Entries supplied –
::::

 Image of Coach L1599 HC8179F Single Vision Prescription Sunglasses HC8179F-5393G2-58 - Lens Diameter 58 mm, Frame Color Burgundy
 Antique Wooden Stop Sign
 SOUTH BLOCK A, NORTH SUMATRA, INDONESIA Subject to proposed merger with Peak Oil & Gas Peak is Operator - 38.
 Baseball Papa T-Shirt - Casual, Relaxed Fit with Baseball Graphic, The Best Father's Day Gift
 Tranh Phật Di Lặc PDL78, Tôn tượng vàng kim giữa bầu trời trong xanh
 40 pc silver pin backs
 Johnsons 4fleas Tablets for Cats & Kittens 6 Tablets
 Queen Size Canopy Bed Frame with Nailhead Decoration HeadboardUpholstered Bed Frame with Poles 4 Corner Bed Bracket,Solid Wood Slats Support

::::

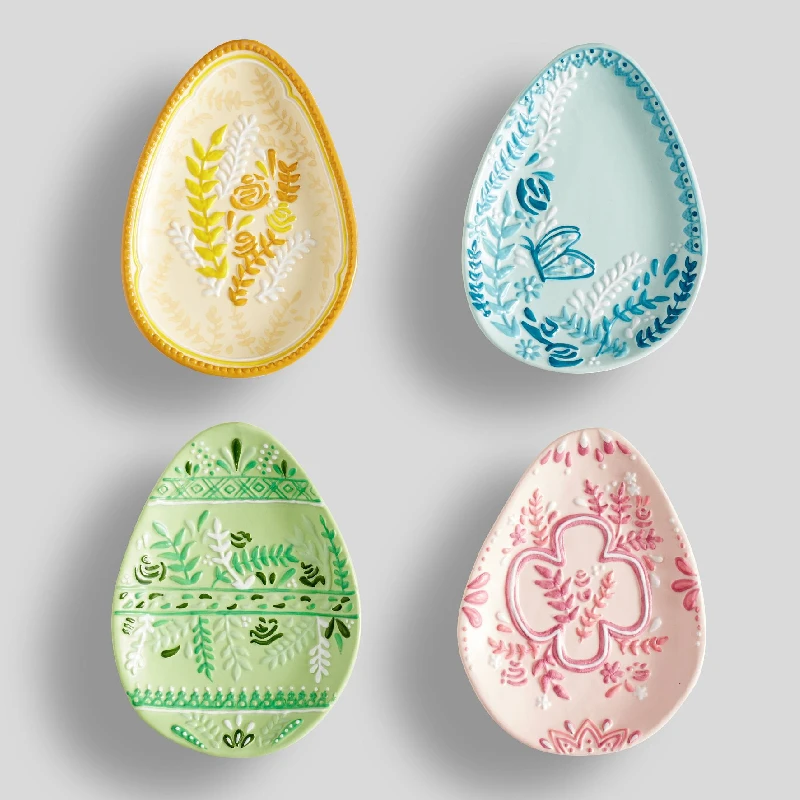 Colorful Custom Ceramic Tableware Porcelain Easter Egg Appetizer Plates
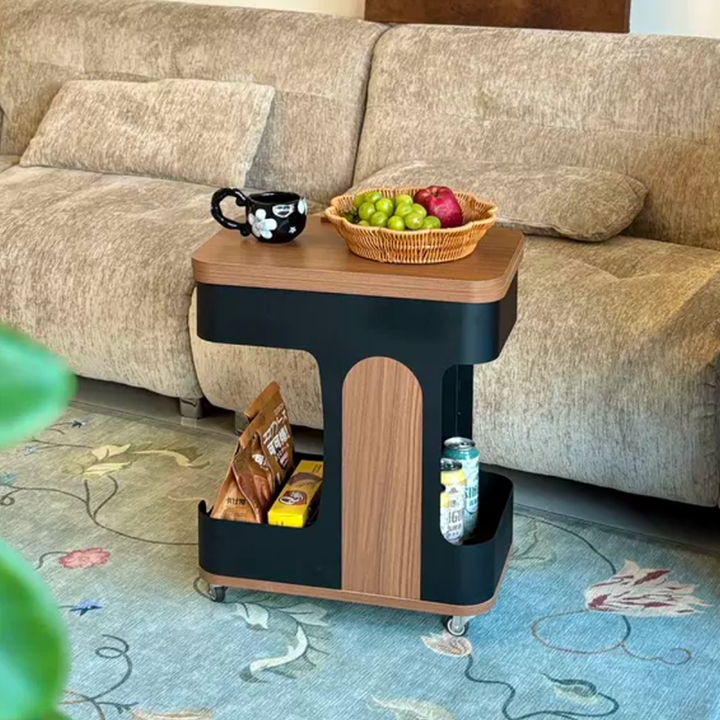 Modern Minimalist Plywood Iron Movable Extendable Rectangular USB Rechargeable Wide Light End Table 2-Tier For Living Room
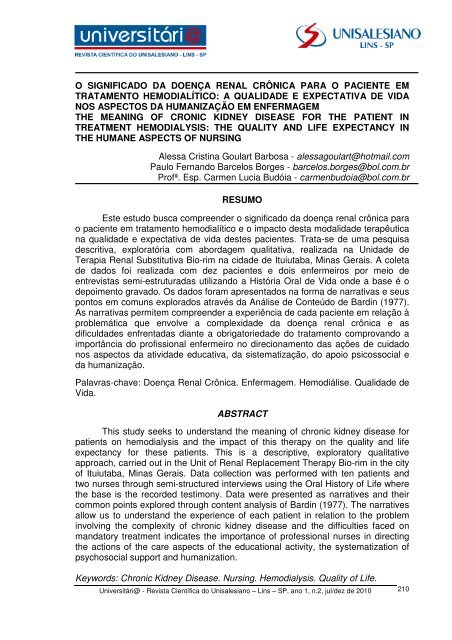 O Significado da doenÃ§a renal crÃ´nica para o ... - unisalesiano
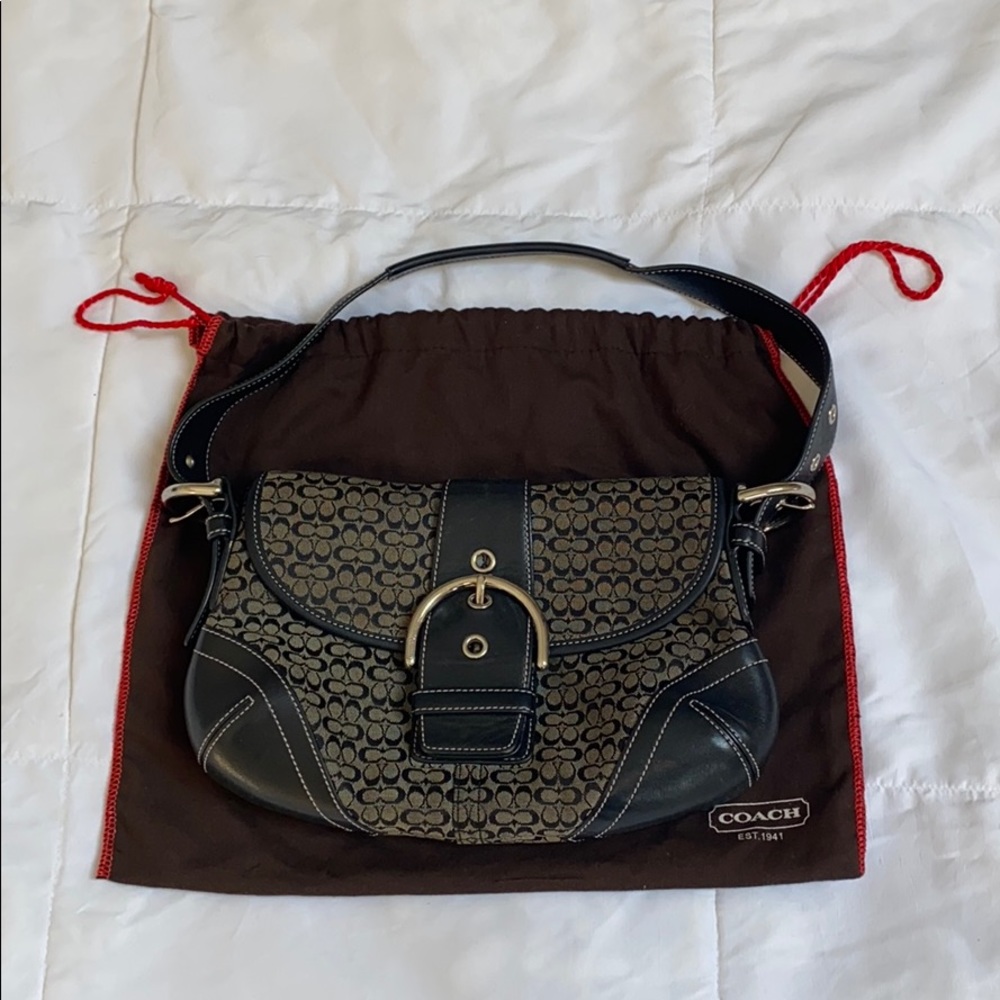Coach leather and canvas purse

::::

Assignment –
In the entries above, find the line with "Tranh Phật Di" and the line with "Queen Size Canopy", then restate word for word both of them and every line between, with nothing more.

Exercise solution –
 Tranh Phật Di Lặc PDL78, Tôn tượng vàng kim giữa bầu trời trong xanh
 40 pc silver pin backs
 Johnsons 4fleas Tablets for Cats & Kittens 6 Tablets
 Queen Size Canopy Bed Frame with Nailhead Decoration HeadboardUpholstered Bed Frame with Poles 4 Corner Bed Bracket,Solid Wood Slats Support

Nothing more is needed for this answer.